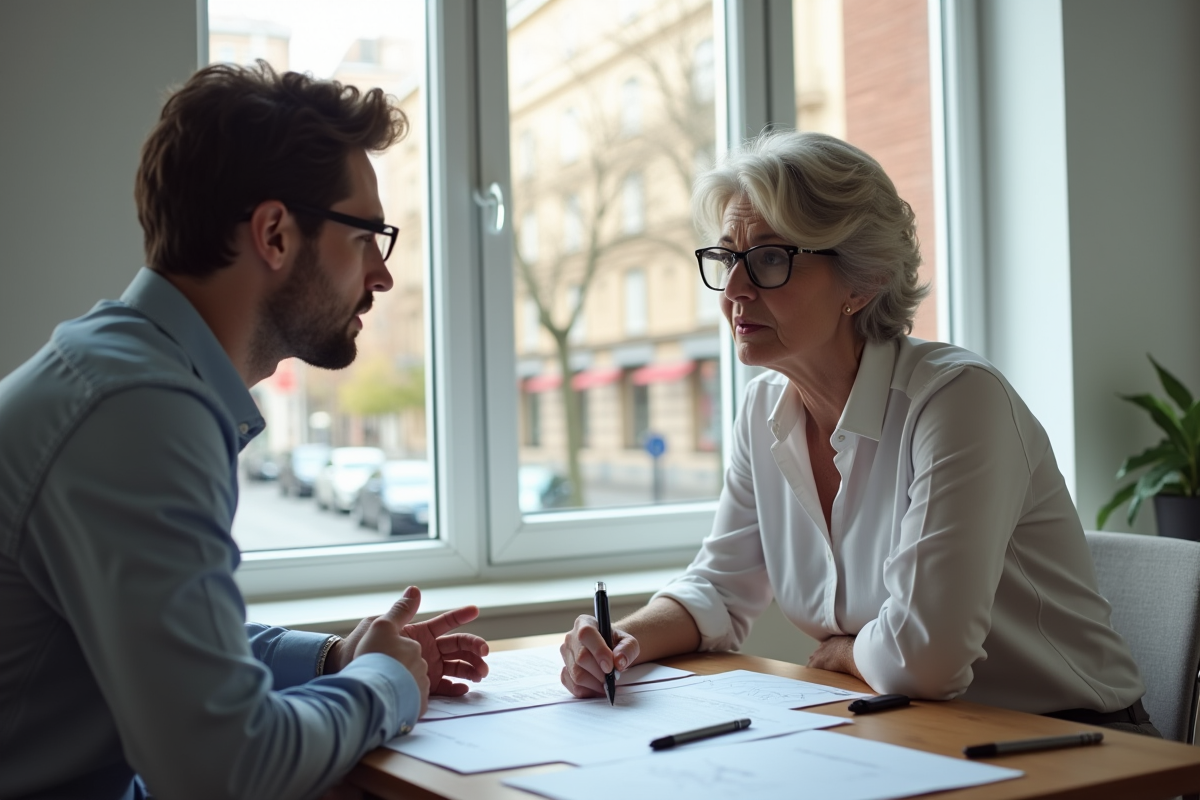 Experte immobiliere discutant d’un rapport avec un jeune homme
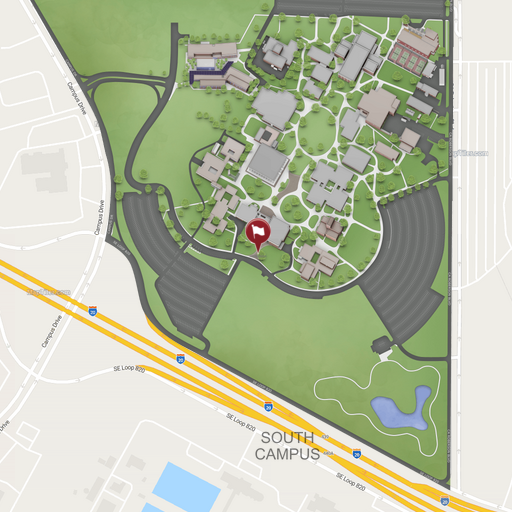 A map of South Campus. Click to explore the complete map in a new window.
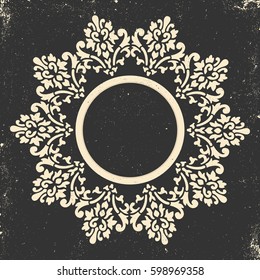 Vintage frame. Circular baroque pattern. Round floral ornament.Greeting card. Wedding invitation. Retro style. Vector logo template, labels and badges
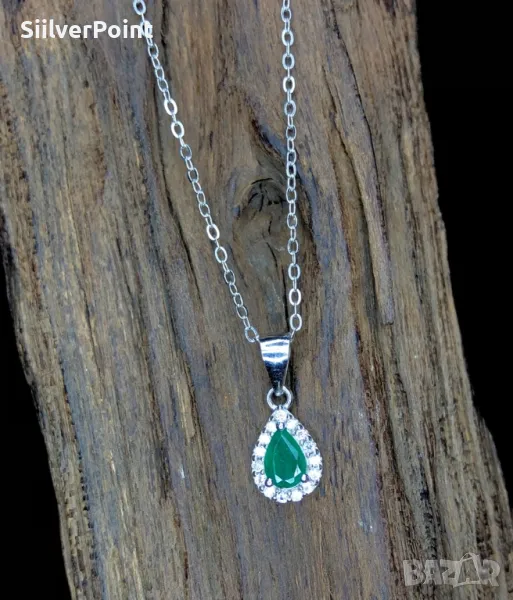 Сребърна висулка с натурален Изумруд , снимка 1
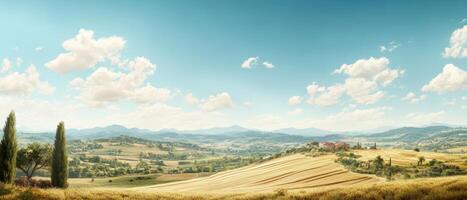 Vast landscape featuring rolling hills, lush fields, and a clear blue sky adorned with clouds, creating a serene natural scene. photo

- - -

- Required work:
Each record is to be restated word for word; no picture goes in.

- Answer box:
 Experte immobiliere discutant d’un rapport avec un jeune homme
 A map of South Campus. Click to explore the complete map in a new window.
 Vintage frame. Circular baroque pattern. Round floral ornament.Greeting card. Wedding invitation. Retro style. Vector logo template, labels and badges
 Сребърна висулка с натурален Изумруд , снимка 1
 Vast landscape featuring rolling hills, lush fields, and a clear blue sky adorned with clouds, creating a serene natural scene. photo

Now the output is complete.